We first address defendant’s argument that this court should
overrule Metcalfe.
Defendant argues that prejudice should be “presumed” under
-8-
Strickland. He argues that Strickland assumed jury impartiality in its
prejudice analysis. (Prejudice requires a “showing that counsel’s errors
were so serious as to deprive the defendant of a fair trial, a trial whose
result is reliable.” Strickland, 466 U.S. at 687. “[A] fair trial is one in
which evidence subject to adversarial testing is presented to an
impartial tribunal for resolution of issues defined in advance of the
proceeding.” Id. at 685.) Defendant cites federal cases and cases from
other states which he says found juror bias prejudicial under
Strickland and he asks this court to “refine the Metcalfe analysis” or
“go in a different direction” in light of these cases. As with the request
to reconsider Metcalfe, these suggestions essentially ask this court to
overrule Metcalfe.
Defendant contends that some courts have focused on the lack of
an impartial jury and, thus, the evaluation of prejudice “requires a
showing that, as a result of trial counsel’s failure to exercise
peremptory challenges, the jury panel contained at least one juror who
was biased.” Davis v. Woodford, 384 F.3d 628, 643 (9th Cir. 2004).
Defendant cites as an example the case of People v. Vieyra, 169 P.3d
205 (Colo. App. 2007), in which the defendant alleged in
postconviction proceedings that his trial counsel was ineffective for
failing to exercise an unused peremptory challenge. The court declined
to find that prejudice is presumed when defense counsel fails to
exercise all of the defendant’s peremptory challenges, holding instead
that the defendant must establish prejudice under Strickland. The
court held that the defendant had not done so, noting that he had
failed to establish which juror he would have struck with the
remaining challenge and he had failed to establish facts suggesting bias
on the part of any of the jurors who sat on his jury. Id. at 210.

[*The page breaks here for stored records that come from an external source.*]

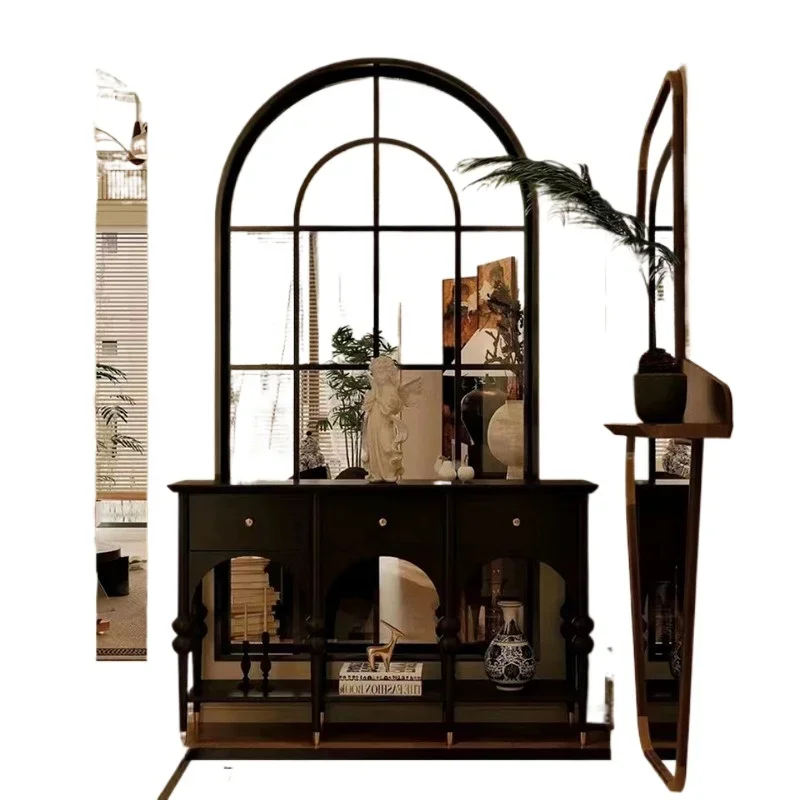 Französische Trennwand, amerikanisches Wohnzimmer, gewölbte Retro-Fenster mit echten und künstlichen Fenstern, schmiedeeiserner Edelstahl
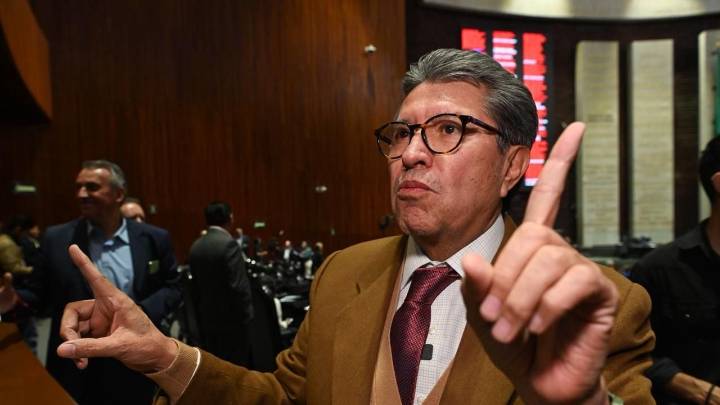 Monreal presenta iniciativa para sancionar abusos en tarjetas de crédito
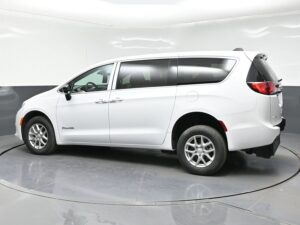 White Chrysler Voyager with BraunAbility Rear Entry Manual Fold Out conversion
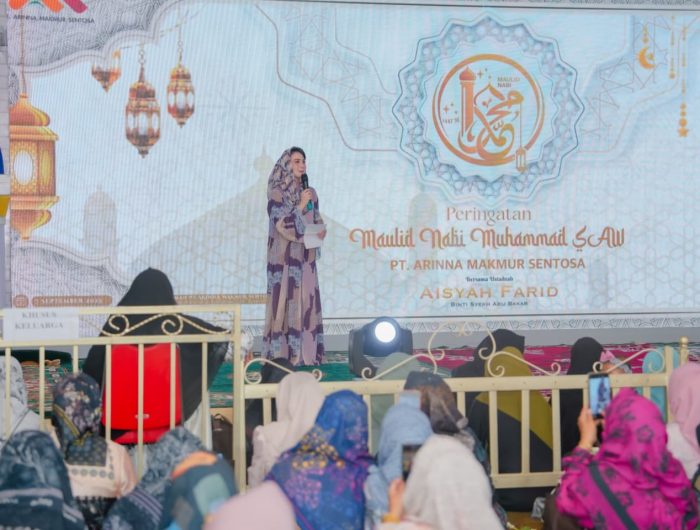 FOTO: PT Arinna Makmur Sentosa menggelar peringatan Maulid Nabi Muhammad SAW 1447 H. Ahad, 7 September 2025, bertempat di halaman PT Arinna Makmur Sentosa, Dusun Jatean, Desa Ganding, Kecamatan Ganding, Sumenep.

Another case defendant cites is Whitney v. State, 857 A.2d 625
(Md. App. 2004), where the defendant argued his trial counsel was
ineffective for failing to realize that defendant was entitled to 10
peremptory strikes. The trial court had told counsel that they each had
four strikes and defense counsel failed to object. She exercised all four
of the defendant’s challenges. The appellate court found that counsel’s
performance was objectively unreasonable. In discussing the prejudice
prong of Strickland, the court declined to find that prejudice was
presumed. The court stated that, considering the record, it could not
perceive any prejudice resulting from counsel’s mistake that was
-9-
shown to have resulted in the impairment of the defendant’s right to
a fair and impartial jury and the trial was not unreliable or
fundamentally unfair. Id. at 637. In State v. Carter, 2002 WI App 55,
¶15, 641 N.W.2d 517, the court found that counsel’s failure to strike
or further question a juror who admitted bias denied the defendant an
impartial jury and rendered the outcome of the trial unreliable and
fundamentally unfair, thus presuming prejudice regardless of whether
the deficient performance had any impact on the result of the trial.
Similarly, Virgil v. Dretke, 446 F.3d 598, 613 (5th Cir. 2006), found
that the seating of biased jurors, without more, made the result of the
defendant’s trial unreliable; thus, prejudice was presumed.
Defendant argues that other cases focus on the structural nature
of jury bias. The principal case defendant cites here is Hughes v.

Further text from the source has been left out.